The effect of individuals bonds and how they work
Regarding the impact of individuals ’bonds on the financial market and the national economy, banking expert Mohamed Abdel -Al says:“ It is a vital project as a source of financing, and the government is in the process of preparing regulations and regulatory procedures and needs legislation to formally launch it and it is applied in a number of countries in the world like the United States. ”
Abdel -Al, who occupies the membership of the Board of Directors of a number of banks, to Al -Jazeera Net, has the advantages of individuals ’bonds, explaining that they are:
- Safe.
- Do not carry any risks.
- It will be at fixed and reasonable prices.
- Its coupon is spent periodically.
- The government guarantees the payment of religion and benefits.
According to Abdel -Al, the treasury bonds differ from the treasury bills during the entitlement period, where the period of entitlement to the treasury bonds ranges between two years and 15 years and is restricted to the Egyptian Stock Exchange, while the period of the entitlement of treasury bills ranges between 3 months and one year, adding that it enhances collective financing, and contributes to increasing the participation of citizens in supporting public debt.
Not to get out of the concept of financing by borrowing
“The launch of the individual bond market aims to attract financing from unconventional sources, and in the end it is debts on the government and does not deviate from the concept of financing with borrowing.”
But in his speech to Al -Jazeera Net, he pointed out the need to create clear inclusion rules for government bonds on the Egyptian Stock Exchange to facilitate their circulation, especially in light of the current government’s reliance on the debt tools to finance the budget deficit.
According to the Egyptian law, according to Al -Sadi, banks are allowed to include government bonds on the stock exchange, but many of them refrain from this due to the impact of this on their profits, and this difference is a pivotal point compared to savings certificates.
Individuals ’bonds are fundamentally different from traditional savings certificates, according to Al -Sadi.
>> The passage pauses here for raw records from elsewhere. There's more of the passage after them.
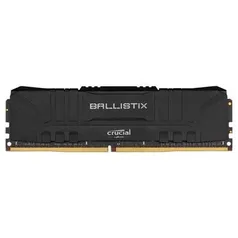 Memória Crucial Ballistix 8GB DDR4 3000 Mhz, CL15 | R$280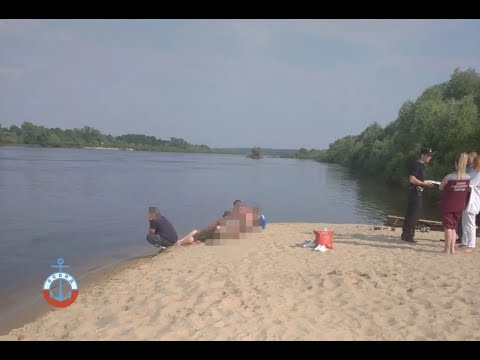 Видео: Сегодня в Мозыре произошла первая трагедия на воде. Утонул ребенок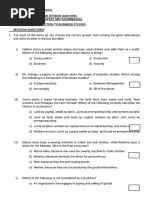 Form 2 Business Studies Exam 2025 | PDF | Business | Economies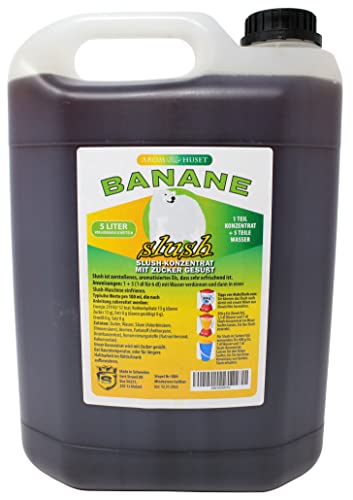 Bananen-Slushkonzentrat 5 L | Mischungsverhältnis 1:5 | Slush-Eis | Crush-Eis | Wassereis | Granita | ohne künstliche Farbstoffe | für Slushie-Maker von Aromhuset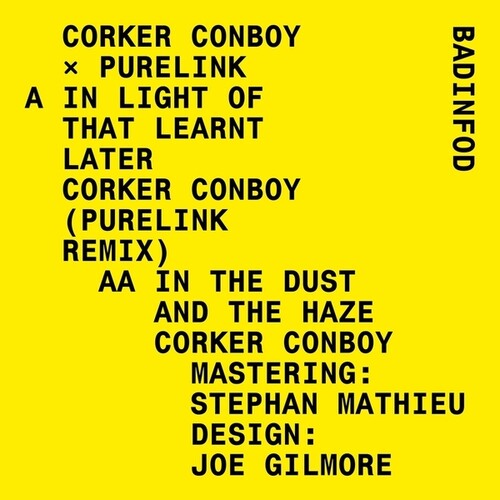 Corker Conboy - Corker Conboy x Purelink - Music & Performance - Vinyl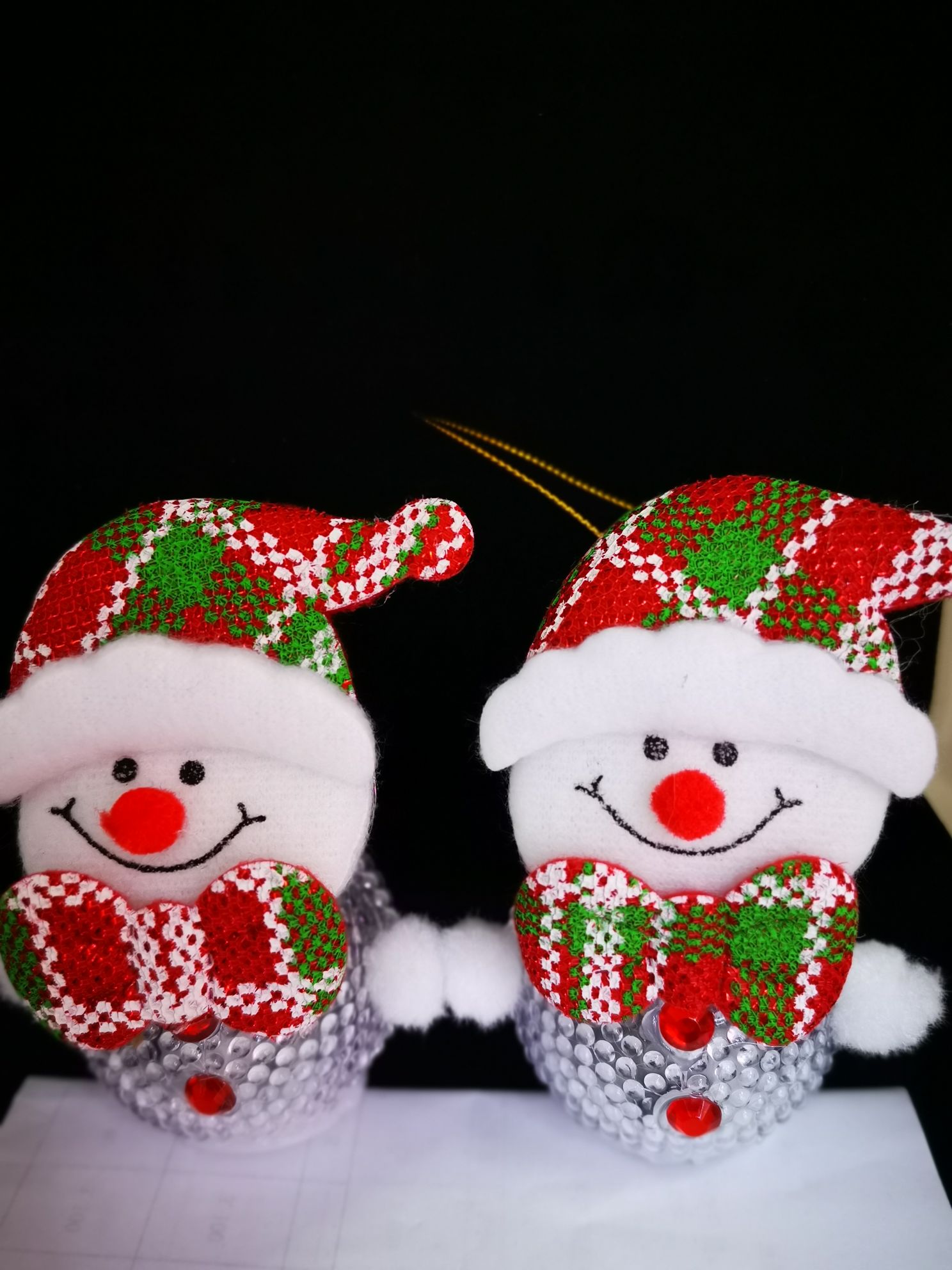 Acrylic Snow Man, The Latest Samsung Christmas. Festive Decorations Are Exploding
While certificates are adhered to a fixed period of time and financial fines when early withdrawal, the bonds give individuals freedom of trading according to the conditions of the market, which enhances the liquidity of financial tools and transforms savings into dynamic investments.
The economist called for not to raise the ceiling of expectations; The initiative lacks the financial culture needed to attract individual investors to these new tools. Consequently, its success relies heavily on promotional and awareness efforts to highlight these bonds, and this contributes to expanding the base of investors and enhancing financial liquidity.